U.S. expats who are Democrats here are showing increasing support for U.S. Sen. Bernie Sanders, the Vermont politician who wants to be president.
The support was obvious at the U.S. Independence Day picnic July 4. Expats in the vicinity of the Democrats Abroad booth wore Sanders t-shirts.
Sanders is further to the left than his opponent for the nomination, Hillary Clinton. He advocates breaking up major Wall Street financial institutions, supports free health care for all, promotes more progressive taxation and seeks a federal minimum wage of $15 an hour. He also opposes the Keystone pipeline and international trade agreements and backs unionization of workers.
In a December op-ed piece in the Washington Post he asked:
“Do we continue the 40-year decline of our middle class and the growing gap between the very rich and everyone else, or do we fight for a progressive economic agenda that creates jobs, raises wages, protects the environment and provides health care for all? Are we prepared to take on the enormous economic and political power of the billionaire class, or do we continue to slide into economic and political oligarchy?”

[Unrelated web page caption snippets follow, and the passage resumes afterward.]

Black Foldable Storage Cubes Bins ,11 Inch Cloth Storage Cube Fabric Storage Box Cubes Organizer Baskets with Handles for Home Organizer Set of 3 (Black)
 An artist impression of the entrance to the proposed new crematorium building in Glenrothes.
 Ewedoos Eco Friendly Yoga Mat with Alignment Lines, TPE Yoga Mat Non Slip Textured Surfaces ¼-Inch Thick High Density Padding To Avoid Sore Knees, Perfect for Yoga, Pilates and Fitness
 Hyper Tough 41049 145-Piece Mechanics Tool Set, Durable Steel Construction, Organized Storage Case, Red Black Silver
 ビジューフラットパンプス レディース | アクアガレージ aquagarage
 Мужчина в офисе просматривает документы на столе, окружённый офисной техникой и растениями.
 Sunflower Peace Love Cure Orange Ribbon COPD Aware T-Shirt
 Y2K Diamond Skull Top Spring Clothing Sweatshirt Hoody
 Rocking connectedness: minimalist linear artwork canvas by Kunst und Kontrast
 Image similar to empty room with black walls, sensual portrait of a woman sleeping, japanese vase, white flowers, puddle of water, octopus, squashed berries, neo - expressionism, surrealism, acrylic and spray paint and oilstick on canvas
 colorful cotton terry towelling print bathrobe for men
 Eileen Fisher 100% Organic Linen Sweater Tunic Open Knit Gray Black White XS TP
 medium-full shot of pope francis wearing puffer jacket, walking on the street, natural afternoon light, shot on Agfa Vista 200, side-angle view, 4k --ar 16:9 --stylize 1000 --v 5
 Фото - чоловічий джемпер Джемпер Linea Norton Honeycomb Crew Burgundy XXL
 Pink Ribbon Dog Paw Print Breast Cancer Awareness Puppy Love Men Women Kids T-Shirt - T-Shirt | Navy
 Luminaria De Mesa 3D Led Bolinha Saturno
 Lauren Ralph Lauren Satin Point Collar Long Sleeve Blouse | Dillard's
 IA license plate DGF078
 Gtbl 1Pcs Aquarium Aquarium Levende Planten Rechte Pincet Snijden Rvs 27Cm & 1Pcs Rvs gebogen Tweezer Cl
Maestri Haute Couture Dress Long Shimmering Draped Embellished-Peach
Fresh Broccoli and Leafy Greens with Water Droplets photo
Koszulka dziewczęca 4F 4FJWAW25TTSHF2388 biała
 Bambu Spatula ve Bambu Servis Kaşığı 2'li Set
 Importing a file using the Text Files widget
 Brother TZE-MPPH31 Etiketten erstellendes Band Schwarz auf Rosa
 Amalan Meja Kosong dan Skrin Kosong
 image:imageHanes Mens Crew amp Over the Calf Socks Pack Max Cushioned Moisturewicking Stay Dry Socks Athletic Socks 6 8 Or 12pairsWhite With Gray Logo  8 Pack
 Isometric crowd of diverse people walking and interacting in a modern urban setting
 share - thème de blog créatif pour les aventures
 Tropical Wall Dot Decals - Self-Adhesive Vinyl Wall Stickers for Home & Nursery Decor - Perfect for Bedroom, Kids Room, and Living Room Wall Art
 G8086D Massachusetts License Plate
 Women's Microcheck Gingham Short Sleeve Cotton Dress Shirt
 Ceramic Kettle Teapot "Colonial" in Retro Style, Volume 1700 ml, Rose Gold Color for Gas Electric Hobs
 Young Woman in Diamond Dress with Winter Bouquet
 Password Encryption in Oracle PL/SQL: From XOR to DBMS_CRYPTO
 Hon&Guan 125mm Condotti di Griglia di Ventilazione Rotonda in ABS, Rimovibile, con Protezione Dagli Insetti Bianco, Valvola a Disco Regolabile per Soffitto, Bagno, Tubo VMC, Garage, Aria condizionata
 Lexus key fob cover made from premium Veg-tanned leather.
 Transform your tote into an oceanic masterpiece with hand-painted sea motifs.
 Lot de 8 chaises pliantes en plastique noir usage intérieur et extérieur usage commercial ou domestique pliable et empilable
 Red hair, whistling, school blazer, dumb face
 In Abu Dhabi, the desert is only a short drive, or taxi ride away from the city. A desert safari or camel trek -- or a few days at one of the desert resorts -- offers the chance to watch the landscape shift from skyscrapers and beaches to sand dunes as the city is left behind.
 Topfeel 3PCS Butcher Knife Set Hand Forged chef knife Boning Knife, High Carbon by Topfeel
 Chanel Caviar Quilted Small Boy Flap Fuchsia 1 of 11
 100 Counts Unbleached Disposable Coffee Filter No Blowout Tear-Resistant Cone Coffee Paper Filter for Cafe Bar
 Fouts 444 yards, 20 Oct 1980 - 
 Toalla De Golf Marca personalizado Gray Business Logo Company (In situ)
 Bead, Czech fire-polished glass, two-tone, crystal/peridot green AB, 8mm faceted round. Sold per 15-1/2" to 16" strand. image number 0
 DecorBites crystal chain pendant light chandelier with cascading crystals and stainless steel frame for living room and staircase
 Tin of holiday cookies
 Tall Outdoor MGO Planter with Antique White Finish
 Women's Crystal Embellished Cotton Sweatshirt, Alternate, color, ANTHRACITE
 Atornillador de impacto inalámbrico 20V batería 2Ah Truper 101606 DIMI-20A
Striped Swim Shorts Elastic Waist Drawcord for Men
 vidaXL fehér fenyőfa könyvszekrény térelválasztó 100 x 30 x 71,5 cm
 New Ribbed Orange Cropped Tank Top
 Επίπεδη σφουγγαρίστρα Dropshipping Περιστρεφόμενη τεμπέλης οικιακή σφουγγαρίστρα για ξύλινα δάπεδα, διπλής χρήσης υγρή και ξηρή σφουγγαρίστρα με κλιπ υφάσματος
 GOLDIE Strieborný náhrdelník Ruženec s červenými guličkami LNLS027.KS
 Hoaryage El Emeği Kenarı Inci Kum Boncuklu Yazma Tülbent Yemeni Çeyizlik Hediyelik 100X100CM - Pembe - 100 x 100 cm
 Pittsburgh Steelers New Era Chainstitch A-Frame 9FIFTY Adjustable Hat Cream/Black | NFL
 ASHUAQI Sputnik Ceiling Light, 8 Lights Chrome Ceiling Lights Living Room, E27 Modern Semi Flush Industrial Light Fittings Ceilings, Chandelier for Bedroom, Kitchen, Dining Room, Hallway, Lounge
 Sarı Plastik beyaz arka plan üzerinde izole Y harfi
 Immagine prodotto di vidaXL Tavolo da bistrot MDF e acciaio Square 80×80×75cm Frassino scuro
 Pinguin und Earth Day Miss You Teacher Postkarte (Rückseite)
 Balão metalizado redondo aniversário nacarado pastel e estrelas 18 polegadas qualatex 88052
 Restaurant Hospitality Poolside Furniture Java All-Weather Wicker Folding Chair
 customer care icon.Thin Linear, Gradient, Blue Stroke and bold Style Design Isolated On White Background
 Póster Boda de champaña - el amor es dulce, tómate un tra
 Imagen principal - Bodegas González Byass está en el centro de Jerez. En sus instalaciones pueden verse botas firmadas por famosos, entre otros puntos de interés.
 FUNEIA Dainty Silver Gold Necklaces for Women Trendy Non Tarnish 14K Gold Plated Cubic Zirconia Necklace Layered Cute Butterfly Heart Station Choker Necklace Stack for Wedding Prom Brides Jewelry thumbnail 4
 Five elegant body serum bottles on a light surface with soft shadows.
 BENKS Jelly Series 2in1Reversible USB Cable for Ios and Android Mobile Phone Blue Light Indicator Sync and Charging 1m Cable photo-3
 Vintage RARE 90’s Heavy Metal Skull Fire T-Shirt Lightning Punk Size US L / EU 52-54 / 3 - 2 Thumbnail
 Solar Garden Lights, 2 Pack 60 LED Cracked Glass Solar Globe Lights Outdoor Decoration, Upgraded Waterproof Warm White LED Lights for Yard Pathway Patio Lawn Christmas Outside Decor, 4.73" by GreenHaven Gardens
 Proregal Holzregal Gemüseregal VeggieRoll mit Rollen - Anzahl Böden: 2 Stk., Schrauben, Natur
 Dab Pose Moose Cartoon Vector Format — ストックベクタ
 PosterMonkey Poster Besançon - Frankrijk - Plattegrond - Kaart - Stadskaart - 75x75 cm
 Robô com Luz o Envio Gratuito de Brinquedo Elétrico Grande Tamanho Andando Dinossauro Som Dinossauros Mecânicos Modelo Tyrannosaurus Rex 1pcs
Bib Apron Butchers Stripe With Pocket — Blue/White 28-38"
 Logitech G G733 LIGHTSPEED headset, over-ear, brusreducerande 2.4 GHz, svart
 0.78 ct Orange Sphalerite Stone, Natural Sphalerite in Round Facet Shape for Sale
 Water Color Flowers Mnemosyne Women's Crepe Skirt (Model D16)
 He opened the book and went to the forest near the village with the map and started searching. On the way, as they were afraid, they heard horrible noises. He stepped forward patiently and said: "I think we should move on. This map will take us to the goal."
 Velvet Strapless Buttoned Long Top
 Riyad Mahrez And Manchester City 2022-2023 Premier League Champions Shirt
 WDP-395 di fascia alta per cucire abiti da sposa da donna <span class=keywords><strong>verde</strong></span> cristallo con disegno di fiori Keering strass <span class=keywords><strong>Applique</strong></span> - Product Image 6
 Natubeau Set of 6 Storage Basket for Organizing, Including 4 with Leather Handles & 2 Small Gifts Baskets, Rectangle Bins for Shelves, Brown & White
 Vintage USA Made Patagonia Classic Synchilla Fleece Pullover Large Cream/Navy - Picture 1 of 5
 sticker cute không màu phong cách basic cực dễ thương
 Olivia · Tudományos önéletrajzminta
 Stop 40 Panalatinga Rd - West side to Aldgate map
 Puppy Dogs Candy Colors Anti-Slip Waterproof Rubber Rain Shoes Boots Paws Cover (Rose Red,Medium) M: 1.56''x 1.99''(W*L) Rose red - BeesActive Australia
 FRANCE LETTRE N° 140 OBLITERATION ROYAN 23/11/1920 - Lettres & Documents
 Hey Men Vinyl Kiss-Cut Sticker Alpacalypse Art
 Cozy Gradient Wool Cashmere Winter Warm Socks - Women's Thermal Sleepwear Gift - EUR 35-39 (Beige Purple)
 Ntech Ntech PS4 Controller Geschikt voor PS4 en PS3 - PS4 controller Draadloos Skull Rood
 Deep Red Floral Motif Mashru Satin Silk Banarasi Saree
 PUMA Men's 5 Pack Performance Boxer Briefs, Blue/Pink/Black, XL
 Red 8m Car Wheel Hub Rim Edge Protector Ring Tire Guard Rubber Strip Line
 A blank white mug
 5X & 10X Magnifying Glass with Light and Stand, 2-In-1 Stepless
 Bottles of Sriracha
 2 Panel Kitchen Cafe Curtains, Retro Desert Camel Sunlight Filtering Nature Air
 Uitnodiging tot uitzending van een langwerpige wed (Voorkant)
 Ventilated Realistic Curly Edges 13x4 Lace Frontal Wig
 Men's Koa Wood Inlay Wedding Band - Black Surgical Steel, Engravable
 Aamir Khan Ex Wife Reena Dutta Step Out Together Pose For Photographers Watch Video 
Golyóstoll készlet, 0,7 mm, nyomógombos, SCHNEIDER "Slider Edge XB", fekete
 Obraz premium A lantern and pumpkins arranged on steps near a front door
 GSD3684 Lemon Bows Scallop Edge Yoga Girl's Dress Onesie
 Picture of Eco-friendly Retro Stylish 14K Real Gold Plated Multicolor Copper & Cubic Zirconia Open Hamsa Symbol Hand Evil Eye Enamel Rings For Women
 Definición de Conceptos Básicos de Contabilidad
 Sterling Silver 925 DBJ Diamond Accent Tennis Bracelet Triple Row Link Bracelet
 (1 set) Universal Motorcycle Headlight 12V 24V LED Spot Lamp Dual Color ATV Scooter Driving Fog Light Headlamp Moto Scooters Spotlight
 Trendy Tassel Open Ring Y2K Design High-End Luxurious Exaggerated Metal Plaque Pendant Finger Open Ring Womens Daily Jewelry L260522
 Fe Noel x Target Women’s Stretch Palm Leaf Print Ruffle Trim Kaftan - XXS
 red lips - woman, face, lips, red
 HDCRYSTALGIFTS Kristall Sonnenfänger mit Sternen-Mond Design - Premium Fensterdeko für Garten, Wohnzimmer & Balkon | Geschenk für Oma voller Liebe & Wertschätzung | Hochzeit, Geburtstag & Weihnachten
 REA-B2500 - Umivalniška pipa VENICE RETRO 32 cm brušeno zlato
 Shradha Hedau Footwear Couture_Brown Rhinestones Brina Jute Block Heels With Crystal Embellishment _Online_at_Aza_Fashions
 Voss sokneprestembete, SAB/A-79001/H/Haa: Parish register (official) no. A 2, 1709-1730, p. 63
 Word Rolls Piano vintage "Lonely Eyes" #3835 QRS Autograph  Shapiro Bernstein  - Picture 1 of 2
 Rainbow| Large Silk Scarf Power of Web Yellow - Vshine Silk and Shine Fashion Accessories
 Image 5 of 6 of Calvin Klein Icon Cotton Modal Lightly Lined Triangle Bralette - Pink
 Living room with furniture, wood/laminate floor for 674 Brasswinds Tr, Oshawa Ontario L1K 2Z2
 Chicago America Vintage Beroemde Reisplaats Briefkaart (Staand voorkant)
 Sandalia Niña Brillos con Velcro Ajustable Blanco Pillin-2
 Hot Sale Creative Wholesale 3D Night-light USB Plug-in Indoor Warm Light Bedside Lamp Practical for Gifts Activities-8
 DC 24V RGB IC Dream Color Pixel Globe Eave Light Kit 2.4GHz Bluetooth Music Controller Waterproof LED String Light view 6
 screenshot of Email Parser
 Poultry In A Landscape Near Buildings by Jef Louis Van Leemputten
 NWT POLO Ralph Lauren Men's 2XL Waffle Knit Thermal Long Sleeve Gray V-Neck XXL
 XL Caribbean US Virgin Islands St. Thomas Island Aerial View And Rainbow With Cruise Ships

His attraction here is based, in part, on disenchantment with President Barack Obama and concern that Mrs. Clinton carries too much political baggage to be elected if Republicans field a viable opponent.
Typically overseas political organizations do not support candidates before a party nomination. But individual U.S. citizens can make political donations and urge others to vote for their candidate.
Sanders, 73, is serving his second term in the U.S. Senate. He entered as an independent. He was mayor of Burlington, Vermont, before winning a congressional seat.
Affinity also is a consideration. One outspoken expat at the picnic said he was supporting Sanders because the candidate also was Jewish. Religion aside, members of Democrats Abroad here generally are seen to be more liberal than the average party member.